Die Landschaft ist durchzogen von Vulkanhügeln und auf einigen dieser Hügel thronen Burgruinen. Mein Weg führt mit Beharrlichkeit immer wieder zu und auf diese Hügel. Nicht bis zum Gipfel, aber ein Vorgeschmack auf die Höhe ist immer dabei. Es geht durch Wiesen und Wäldchen immer mit Blick auf diese hügelig wellige Landschaft. Ich erfreue mich an den Strukturen, Formen und auch an den Farben. Von den sieben Stunden unterwegs sein, mache ich 3 ½ Stunden Pause. Die Landschaft gefällt mir und ich genieße wieder einmal in vollen Zügen.

In der Nähe einer weiteren Ruine, es geht von der Straße weg durch die Felder. Vor mir eine Frau mit einem Golden Retriever Rüden. Ich bin beharrlich hinter ihr und sie schaut mehrfach zurück. Mein Eindruck, sie ist durch meine Anwesenheit beunruhigt. Als ich sie erreiche, spreche ich sie an und sage: „Keine Bedenken, ich laufe nicht hinter ihnen her.“ Schlagfertig und überraschend für mich antwortet sie schmunzelnd: „Wenn doch mal jemand hinter mir herlaufen würde.“ Wir kommen ins Gespräch und laufen einige Zeit nebeneinander her. Sehr interessieren tut ihr meine Motivation für eine solche Reise. Für sie schwer zu verstehen, jetzt bei meist schlechtem Wetter noch unterwegs zu sein. Ob ich sie mit meinen Gründen überzeugen konnte, weiß ich nicht. Jedenfalls erkläre ich ihr, wie sie meine Webseite bei Google findet. Sie verspricht mir, dort einmal reinzuschauen.

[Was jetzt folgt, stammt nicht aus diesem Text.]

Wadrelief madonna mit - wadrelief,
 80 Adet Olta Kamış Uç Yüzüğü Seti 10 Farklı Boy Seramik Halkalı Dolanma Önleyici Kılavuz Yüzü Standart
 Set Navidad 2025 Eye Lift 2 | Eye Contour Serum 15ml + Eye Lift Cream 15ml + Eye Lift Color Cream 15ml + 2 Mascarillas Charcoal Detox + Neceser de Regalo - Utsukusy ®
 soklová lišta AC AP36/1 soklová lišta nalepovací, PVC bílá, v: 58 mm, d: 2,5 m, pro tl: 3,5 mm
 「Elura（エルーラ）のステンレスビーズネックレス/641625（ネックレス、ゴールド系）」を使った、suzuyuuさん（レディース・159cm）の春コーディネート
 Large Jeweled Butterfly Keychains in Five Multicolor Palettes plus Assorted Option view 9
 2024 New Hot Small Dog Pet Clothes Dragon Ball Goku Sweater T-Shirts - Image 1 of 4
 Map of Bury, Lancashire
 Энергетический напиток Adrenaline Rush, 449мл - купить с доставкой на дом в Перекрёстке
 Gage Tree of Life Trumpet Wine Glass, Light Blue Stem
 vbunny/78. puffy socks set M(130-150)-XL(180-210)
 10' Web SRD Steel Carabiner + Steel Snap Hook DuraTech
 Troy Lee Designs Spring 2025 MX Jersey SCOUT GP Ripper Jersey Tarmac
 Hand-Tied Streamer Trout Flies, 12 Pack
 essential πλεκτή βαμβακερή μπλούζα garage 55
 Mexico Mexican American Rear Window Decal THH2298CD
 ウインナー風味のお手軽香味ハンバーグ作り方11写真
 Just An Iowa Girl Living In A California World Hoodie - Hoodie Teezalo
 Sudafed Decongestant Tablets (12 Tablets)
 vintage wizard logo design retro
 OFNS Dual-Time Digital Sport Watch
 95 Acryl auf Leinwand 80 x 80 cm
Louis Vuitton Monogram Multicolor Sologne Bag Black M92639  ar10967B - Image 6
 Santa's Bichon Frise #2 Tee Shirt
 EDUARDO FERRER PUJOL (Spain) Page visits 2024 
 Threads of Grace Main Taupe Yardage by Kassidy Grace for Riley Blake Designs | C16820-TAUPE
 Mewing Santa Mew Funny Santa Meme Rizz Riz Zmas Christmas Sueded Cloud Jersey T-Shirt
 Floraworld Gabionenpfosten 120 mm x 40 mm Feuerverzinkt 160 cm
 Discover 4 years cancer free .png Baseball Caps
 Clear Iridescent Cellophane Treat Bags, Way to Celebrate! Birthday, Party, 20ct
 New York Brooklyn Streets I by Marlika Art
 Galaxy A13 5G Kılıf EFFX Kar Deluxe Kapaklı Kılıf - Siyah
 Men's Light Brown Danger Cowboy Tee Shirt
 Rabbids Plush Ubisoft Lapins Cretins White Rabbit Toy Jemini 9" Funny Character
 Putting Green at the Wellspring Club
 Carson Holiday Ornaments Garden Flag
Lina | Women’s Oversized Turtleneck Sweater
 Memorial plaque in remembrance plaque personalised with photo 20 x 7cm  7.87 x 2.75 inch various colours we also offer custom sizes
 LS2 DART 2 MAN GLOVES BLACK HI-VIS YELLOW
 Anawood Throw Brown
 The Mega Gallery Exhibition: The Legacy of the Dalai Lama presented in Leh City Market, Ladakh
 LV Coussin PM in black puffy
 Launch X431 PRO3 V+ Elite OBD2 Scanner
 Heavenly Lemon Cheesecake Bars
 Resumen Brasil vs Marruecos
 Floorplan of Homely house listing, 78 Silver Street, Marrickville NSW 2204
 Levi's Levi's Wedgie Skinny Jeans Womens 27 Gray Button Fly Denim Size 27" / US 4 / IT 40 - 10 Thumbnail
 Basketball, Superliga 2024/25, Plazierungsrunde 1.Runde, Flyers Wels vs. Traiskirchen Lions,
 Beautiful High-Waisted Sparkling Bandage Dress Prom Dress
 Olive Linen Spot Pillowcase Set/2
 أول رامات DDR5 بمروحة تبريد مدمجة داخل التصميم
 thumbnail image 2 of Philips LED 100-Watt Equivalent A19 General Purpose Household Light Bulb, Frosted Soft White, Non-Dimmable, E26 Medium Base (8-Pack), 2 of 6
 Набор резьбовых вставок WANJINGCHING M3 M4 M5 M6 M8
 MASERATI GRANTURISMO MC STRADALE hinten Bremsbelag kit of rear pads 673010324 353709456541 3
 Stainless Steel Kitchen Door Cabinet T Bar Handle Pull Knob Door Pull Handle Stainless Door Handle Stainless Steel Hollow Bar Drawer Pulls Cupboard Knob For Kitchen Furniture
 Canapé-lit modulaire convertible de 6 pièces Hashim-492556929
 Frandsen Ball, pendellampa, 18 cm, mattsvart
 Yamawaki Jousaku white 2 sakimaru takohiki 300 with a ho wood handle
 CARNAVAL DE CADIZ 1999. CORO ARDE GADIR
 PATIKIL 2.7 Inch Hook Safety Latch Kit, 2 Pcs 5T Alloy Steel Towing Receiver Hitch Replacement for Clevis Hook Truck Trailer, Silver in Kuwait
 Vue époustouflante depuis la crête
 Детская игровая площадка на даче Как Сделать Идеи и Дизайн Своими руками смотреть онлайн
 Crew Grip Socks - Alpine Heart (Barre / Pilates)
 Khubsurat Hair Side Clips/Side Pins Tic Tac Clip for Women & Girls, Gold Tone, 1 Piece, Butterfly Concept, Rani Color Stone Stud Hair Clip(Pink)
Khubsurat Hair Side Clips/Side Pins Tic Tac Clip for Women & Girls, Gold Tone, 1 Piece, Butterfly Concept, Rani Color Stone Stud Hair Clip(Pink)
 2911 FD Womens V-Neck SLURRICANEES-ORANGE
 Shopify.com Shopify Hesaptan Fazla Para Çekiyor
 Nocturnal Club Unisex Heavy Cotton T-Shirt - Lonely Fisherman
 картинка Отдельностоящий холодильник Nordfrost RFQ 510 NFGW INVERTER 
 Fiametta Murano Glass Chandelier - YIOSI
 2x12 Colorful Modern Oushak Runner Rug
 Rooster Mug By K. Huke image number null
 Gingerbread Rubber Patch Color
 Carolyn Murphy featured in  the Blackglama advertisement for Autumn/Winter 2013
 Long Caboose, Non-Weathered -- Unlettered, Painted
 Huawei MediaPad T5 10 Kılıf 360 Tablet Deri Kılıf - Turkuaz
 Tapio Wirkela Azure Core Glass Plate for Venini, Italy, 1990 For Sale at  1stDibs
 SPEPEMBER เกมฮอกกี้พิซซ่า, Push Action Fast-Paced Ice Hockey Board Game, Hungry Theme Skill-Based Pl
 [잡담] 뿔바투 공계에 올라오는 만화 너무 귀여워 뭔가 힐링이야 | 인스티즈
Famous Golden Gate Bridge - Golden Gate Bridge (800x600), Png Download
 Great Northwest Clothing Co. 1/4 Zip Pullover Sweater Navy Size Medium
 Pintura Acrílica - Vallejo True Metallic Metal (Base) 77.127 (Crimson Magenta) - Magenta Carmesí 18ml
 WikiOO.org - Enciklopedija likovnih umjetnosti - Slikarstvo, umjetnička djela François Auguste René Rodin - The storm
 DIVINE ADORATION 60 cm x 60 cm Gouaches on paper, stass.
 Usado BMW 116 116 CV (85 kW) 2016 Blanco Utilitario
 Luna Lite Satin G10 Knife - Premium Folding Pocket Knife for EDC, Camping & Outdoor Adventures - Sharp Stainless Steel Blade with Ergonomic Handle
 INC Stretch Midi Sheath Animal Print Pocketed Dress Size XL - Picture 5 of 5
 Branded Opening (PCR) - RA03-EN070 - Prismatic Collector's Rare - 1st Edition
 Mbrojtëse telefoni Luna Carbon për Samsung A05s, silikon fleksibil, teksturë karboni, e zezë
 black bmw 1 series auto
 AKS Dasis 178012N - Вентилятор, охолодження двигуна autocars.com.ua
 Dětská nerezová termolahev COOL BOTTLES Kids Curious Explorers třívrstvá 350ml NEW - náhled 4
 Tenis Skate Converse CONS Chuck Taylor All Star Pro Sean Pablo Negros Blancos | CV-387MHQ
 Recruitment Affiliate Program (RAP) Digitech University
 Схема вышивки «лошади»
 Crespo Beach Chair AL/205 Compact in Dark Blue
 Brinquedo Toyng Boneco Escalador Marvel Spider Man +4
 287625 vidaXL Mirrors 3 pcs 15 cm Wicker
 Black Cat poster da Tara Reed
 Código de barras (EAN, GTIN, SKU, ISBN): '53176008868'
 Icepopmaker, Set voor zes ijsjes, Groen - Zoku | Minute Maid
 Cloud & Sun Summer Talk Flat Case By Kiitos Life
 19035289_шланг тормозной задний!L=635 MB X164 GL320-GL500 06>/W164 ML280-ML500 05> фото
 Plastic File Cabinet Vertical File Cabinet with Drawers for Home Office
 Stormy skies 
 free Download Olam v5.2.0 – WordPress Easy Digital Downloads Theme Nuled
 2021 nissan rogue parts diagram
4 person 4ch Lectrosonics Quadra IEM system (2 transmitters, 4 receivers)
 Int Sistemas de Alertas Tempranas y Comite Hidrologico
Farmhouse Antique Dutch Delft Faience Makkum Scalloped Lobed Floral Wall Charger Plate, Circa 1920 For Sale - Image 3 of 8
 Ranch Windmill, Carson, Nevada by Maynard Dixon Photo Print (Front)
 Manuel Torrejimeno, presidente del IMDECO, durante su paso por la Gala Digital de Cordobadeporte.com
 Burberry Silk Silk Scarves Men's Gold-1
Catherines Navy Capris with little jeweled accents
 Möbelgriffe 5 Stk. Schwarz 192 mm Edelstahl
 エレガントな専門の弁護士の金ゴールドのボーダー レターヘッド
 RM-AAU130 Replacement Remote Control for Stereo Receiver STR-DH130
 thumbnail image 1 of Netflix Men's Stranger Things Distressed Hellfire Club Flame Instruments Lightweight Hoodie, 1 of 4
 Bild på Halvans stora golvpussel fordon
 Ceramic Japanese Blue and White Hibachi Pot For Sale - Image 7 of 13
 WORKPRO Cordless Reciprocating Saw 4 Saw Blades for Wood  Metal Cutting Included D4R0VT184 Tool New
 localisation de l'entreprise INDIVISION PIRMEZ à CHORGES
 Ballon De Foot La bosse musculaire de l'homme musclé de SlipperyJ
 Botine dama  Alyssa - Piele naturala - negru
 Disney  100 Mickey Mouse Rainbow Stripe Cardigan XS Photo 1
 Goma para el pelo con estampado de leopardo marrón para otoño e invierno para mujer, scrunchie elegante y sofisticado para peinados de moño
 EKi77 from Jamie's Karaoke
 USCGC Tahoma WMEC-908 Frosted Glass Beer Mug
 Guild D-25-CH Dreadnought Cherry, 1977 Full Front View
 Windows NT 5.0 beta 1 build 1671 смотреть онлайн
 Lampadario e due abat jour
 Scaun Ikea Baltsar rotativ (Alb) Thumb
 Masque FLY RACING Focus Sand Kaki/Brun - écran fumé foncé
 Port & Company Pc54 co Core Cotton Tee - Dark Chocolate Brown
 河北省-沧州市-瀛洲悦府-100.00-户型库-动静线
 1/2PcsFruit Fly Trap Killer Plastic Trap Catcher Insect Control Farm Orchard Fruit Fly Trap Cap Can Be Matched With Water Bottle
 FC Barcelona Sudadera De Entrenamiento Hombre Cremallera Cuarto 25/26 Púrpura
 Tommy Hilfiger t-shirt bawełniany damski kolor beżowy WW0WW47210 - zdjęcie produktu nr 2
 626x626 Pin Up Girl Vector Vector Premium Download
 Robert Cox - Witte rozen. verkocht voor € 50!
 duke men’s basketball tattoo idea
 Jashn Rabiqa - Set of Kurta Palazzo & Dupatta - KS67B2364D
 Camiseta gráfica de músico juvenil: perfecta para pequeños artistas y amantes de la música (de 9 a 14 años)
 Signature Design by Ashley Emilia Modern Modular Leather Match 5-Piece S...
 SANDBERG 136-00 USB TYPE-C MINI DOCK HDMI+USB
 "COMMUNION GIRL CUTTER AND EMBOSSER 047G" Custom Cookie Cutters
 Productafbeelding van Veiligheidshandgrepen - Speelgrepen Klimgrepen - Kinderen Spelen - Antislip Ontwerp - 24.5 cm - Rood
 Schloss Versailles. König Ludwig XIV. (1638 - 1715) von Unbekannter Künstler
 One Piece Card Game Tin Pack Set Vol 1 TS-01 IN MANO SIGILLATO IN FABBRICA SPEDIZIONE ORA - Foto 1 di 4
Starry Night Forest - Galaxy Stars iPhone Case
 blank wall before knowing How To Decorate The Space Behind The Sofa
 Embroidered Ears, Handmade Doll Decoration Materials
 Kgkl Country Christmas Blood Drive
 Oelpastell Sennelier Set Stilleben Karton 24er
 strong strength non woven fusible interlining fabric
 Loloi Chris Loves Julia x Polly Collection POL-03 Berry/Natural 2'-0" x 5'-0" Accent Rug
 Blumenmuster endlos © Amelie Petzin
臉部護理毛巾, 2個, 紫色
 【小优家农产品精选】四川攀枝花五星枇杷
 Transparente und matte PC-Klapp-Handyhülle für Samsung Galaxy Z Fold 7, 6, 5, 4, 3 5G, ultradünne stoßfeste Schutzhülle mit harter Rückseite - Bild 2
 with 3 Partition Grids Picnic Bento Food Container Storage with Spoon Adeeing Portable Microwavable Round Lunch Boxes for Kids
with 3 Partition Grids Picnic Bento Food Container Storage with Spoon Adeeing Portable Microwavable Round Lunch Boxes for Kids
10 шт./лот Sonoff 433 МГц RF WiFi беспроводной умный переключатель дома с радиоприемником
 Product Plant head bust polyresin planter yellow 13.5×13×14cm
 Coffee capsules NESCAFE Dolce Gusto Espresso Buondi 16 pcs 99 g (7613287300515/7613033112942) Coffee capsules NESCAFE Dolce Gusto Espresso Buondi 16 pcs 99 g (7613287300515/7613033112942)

Bei einem kleinen Wald fängt es ordentlich an zu winden und ein bisschen mulmig ist mir schon, hier durchzulaufen. Alles geht gut und nach einer weiteren Gipfelbesteigung 🙂 sehe ich noch einige Kilometer entfernt unter mir den Ort Weiterdingen. Imposant überragen die Kirche und das Schloss diesen Ort. Zwei Schilder weisen auf meinen Zielort hin. Einmal noch 11 Kilometer und einmal mit der Angabe „direkt“ und 5,5 Kilometer. Ich entscheide mich für die Kurzvariante. Doch auch diese dauert noch. Welscherdingen kann ich nur hinter einem Waldgebiet vermuten. Selbst in und nach Weiterdingen bleibt der Ort versteckt. Schließlich kann ich ihn auf einer kleinen Straße laufend, endlich vor mir sehen. Die Wandermarkierung des Querweges schickt mich weg von der Straße mit einem großen Bogen zum Ort. Da mir aber die Wirtin erklärt hat, dass der Gasthof direkt am Weg liegt, muss ich wohl der Markierung weiter folgen. Etwa einen Kilometer vor dem Ziel ruft mich Rita aus der Schweiz an. Passend vor mir eine Bank neben einem Wegekreuz. Wir schwätzen einige Zeit und vereinbaren für Morgen ein Treffen im Gasthof meiner Unterkunft. Ich freue mich sehr, endlich Rita und Dani wieder zu sehen. Wir waren längere Zeit auf meiner Pilgerreise 2009 auf der Via Jacobi in der Schweiz und dann auch noch länger in Frankreich zusammen.

Beschwingt die beiden schon morgen wieder zu sehen, setze ich meinen Weg zum Gasthaus fort. Dieser ist jetzt schnell erreicht. Der Gasthof ist nicht mehr in Betrieb, nur noch die Fremdenzimmer. Das Abendessen fällt heute aus.